## What is expected
Exact copy, no pictures: repeat the data that follows.

## Data provided
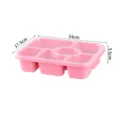 Wheat straw six compartment bento box with lid, portable lunch container for food storage. - Pink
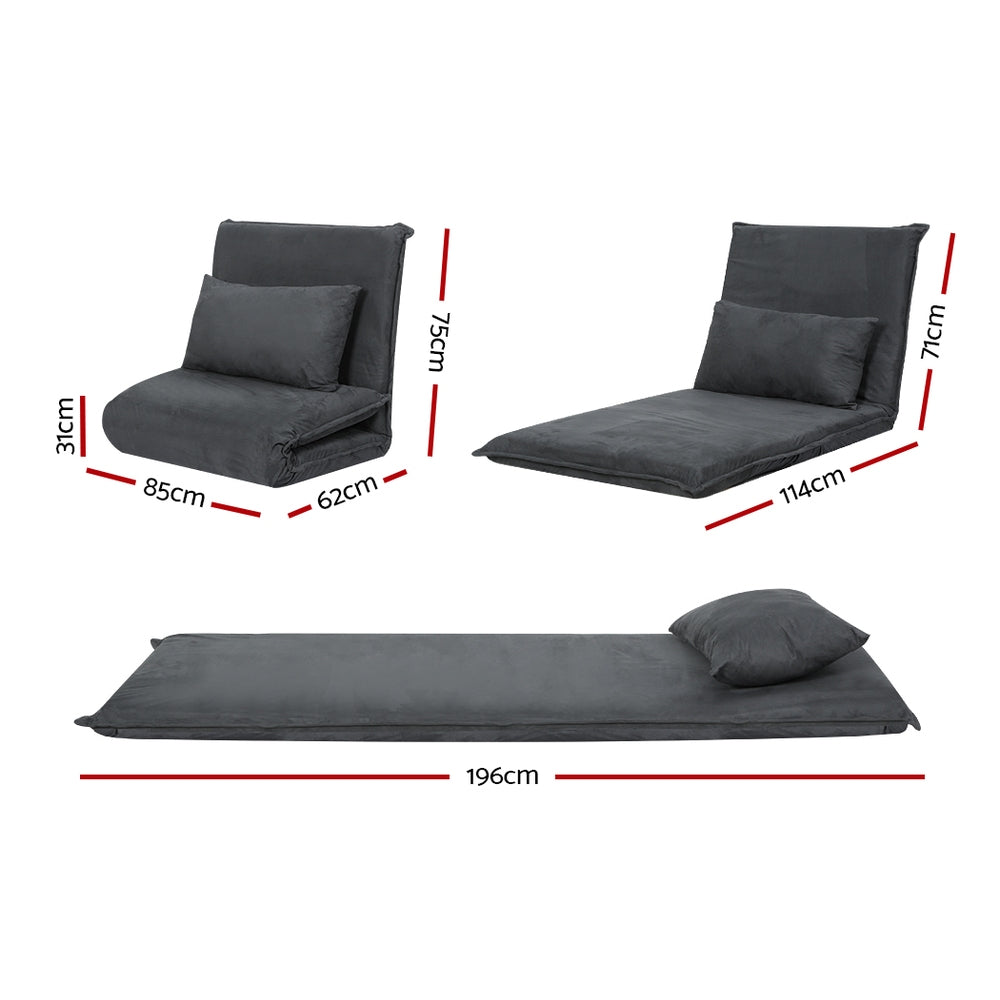 Floor Sofa Bed Gaming Lounge Recliner Chair Folding Foam Camping Bed Homecoze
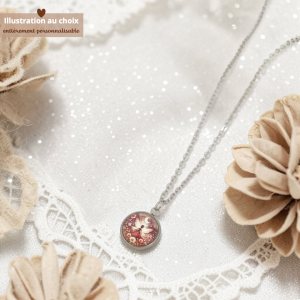 Collier cabochon illustré fée, bijou symbolique féminin inspiré de l’imaginaire et de la magie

## Exercise result
 Wheat straw six compartment bento box with lid, portable lunch container for food storage. - Pink
 Floor Sofa Bed Gaming Lounge Recliner Chair Folding Foam Camping Bed Homecoze
 Collier cabochon illustré fée, bijou symbolique féminin inspiré de l’imaginaire et de la magie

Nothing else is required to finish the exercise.